H2 Chemistry 13 - Transition Elements: Ligand Exchange and Colour Changes of Copper(II)

Step 1 - State the problem

Describe and explain the colour changes observed when excess concentrated ammonia is added to an aqueous solution of copper two sulfate.

Step 1 - State the problem

Copper two sulfate solution is pale blue. When dilute ammonia is first added, a pale blue precipitate forms.

Step 1 - State the problem

When excess concentrated ammonia is added, the precipitate dissolves to give a deep blue solution.

Step 1 - State the problem

We need to explain each observation using ligand exchange reactions.

Step 2 - Initial reaction: formation of copper(II) hydroxide

When a small amount of ammonia is added, the ammonia acts as a base.

Step 2 - Initial reaction: formation of copper(II) hydroxide

The hydroxide ions from the ammonia solution react with the hexaaquacopper two ion to form copper two hydroxide, a pale blue precipitate.

Step 2 - Initial reaction: formation of copper(II) hydroxide

This is a deprotonation reaction: the hydroxide ion removes a proton from a coordinated water ligand.

Step 2 - Initial reaction: formation of copper(II) hydroxide

Two water molecules are replaced by two hydroxide ions.

Step 3 - Excess ammonia: ligand exchange to form tetraamminecopper(II)

When excess concentrated ammonia is added, ammonia molecules act as ligands.

Step 3 - Excess ammonia: ligand exchange to form tetraamminecopper(II)

Four of the six water ligands in the hexaaquacopper two ion are replaced by four ammonia molecules.

Step 3 - Excess ammonia: ligand exchange to form tetraamminecopper(II)

The resulting complex is the tetraamminecopper two ion, which has a deep blue colour.

Step 3 - Excess ammonia: ligand exchange to form tetraamminecopper(II)

The two remaining water molecules stay in the axial positions.
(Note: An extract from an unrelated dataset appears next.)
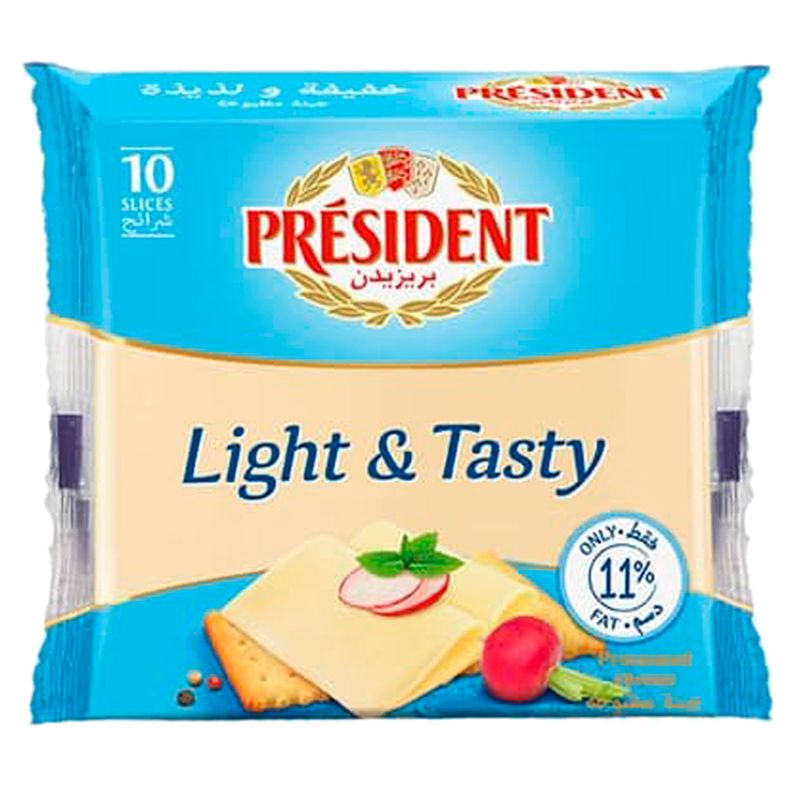 Queso Muzzarella Light President 200 G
Ammonia is a stronger ligand than water, so this exchange is thermodynamically favourable.

Step 4 - Explain the colour using d - d transitions

Transition metal complexes are coloured because of d to d electronic transitions.
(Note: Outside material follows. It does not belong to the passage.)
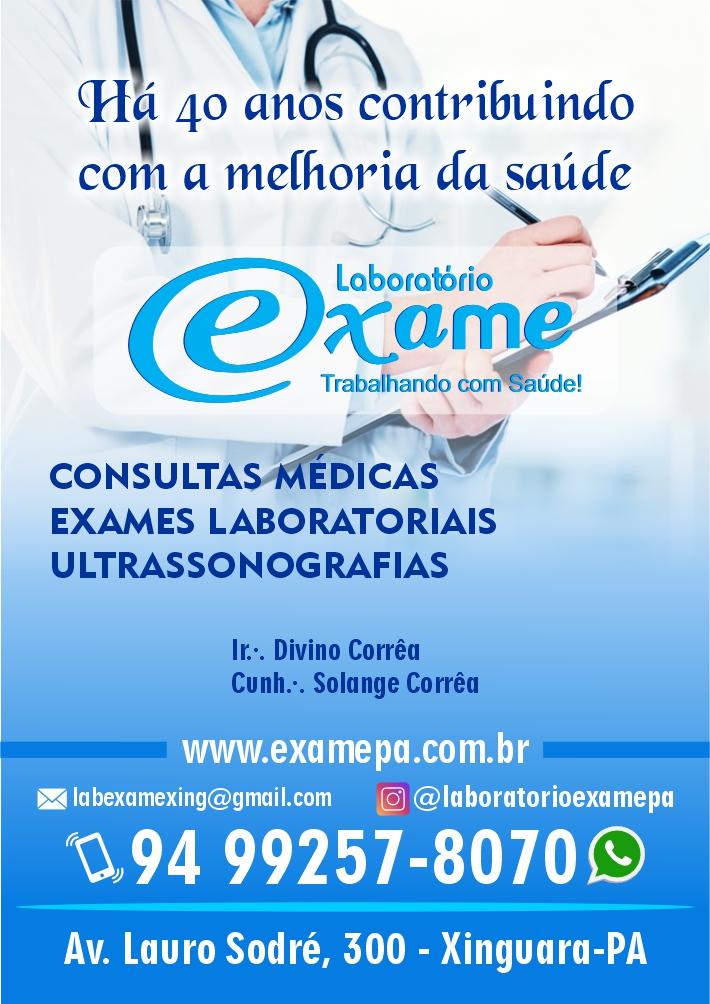 Laboratório Exame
Step 4 - Explain the colour using d - d transitions

In the copper two ion, the three d orbitals are split by the ligand field into two energy levels.
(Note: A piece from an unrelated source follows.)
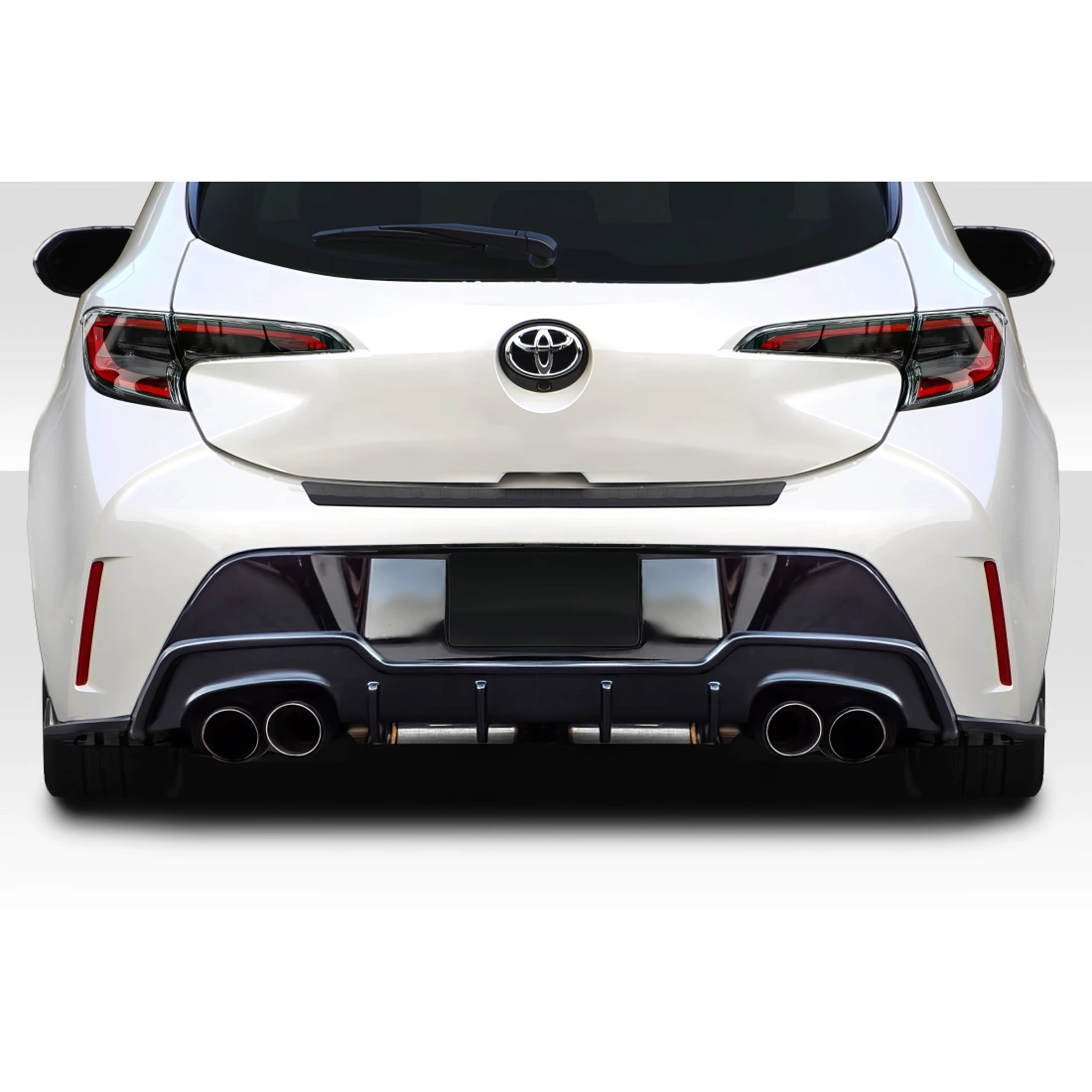 All kind of Exterior/Diffusersfor  Toyota Corolla 2019. 1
Step 4 - Explain the colour using d - d transitions

When visible light passes through the solution, a photon is absorbed, promoting an electron from the lower energy d orbitals to the higher energy d orbitals.

Step 4 - Explain the colour using d - d transitions

The colour observed is the complementary colour of the light absorbed. Different ligands cause different splitting energies, which is why the colour changes from pale blue to deep blue.

Step 5 - Summarise and common pitfalls

To summarise: adding dilute ammonia gives a pale blue precipitate of copper two hydroxide. Adding excess ammonia causes ligand exchange, replacing four water molecules with four ammonia molecules to form the deep blue tetraamminecopper two complex.

Step 5 - Summarise and common pitfalls

Common mistake one: writing six ammonia ligands instead of four. Only four water molecules are replaced in the copper ammonia complex.

Step 5 - Summarise and common pitfalls

Common mistake two: saying the colour is due to electron transfer between ligand and metal. For most transition metal complexes at A-level, the colour arises from d to d transitions, not charge transfer.

Step 5 - Summarise and common pitfalls

Always state the ligand, the coordination number, and link the colour to d orbital splitting.